- _About this task_:
Output exactly the lines spanning from the line containing "Technický nákres vysoké" to the last line of the entries, inclusive.

[[ Given entries, beginning ]]

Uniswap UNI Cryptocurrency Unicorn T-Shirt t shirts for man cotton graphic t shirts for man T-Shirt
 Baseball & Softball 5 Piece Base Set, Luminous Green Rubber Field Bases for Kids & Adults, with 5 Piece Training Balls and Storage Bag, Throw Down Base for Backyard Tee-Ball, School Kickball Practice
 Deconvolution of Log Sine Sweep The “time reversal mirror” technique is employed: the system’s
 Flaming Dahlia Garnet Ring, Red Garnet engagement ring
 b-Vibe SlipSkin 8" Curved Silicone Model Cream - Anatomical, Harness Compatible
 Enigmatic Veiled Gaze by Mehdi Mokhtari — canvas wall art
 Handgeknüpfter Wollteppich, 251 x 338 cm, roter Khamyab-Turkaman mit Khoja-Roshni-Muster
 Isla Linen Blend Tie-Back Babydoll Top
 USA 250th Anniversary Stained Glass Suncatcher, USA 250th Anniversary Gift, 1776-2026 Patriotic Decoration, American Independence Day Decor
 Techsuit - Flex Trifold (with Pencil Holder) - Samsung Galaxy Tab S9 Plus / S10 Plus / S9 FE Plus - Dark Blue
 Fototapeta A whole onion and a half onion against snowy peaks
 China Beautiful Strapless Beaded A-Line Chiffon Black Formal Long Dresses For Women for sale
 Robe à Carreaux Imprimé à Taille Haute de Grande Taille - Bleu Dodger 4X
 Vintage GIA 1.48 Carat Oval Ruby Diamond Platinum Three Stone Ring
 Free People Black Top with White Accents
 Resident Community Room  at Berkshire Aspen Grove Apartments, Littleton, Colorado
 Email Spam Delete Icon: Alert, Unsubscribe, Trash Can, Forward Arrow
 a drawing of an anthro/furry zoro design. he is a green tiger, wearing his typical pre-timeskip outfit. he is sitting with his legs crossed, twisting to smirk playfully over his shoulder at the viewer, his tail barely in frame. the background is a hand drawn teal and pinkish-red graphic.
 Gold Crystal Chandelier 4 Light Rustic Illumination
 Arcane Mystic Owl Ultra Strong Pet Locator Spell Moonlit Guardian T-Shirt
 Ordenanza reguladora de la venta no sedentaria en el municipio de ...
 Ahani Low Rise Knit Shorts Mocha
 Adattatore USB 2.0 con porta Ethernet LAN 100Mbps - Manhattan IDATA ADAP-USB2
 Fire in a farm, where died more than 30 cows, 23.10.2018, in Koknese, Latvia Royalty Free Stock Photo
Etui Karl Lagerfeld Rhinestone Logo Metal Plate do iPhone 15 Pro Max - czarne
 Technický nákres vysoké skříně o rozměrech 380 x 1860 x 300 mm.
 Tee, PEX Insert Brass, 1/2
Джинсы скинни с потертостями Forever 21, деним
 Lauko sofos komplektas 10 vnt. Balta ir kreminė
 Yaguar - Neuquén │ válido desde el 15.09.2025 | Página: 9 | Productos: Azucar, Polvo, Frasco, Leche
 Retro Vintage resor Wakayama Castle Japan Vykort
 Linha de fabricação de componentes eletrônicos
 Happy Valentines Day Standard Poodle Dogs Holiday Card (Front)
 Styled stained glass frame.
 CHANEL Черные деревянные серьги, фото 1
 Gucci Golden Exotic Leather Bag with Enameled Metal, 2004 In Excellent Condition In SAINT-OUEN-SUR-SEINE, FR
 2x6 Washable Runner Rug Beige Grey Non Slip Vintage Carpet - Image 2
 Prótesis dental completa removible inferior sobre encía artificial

[[ Given entries, end ]]

- _The completed task_:
 Technický nákres vysoké skříně o rozměrech 380 x 1860 x 300 mm.
 Tee, PEX Insert Brass, 1/2
Джинсы скинни с потертостями Forever 21, деним
 Lauko sofos komplektas 10 vnt. Balta ir kreminė
 Yaguar - Neuquén │ válido desde el 15.09.2025 | Página: 9 | Productos: Azucar, Polvo, Frasco, Leche
 Retro Vintage resor Wakayama Castle Japan Vykort
 Linha de fabricação de componentes eletrônicos
 Happy Valentines Day Standard Poodle Dogs Holiday Card (Front)
 Styled stained glass frame.
 CHANEL Черные деревянные серьги, фото 1
 Gucci Golden Exotic Leather Bag with Enameled Metal, 2004 In Excellent Condition In SAINT-OUEN-SUR-SEINE, FR
 2x6 Washable Runner Rug Beige Grey Non Slip Vintage Carpet - Image 2
 Prótesis dental completa removible inferior sobre encía artificial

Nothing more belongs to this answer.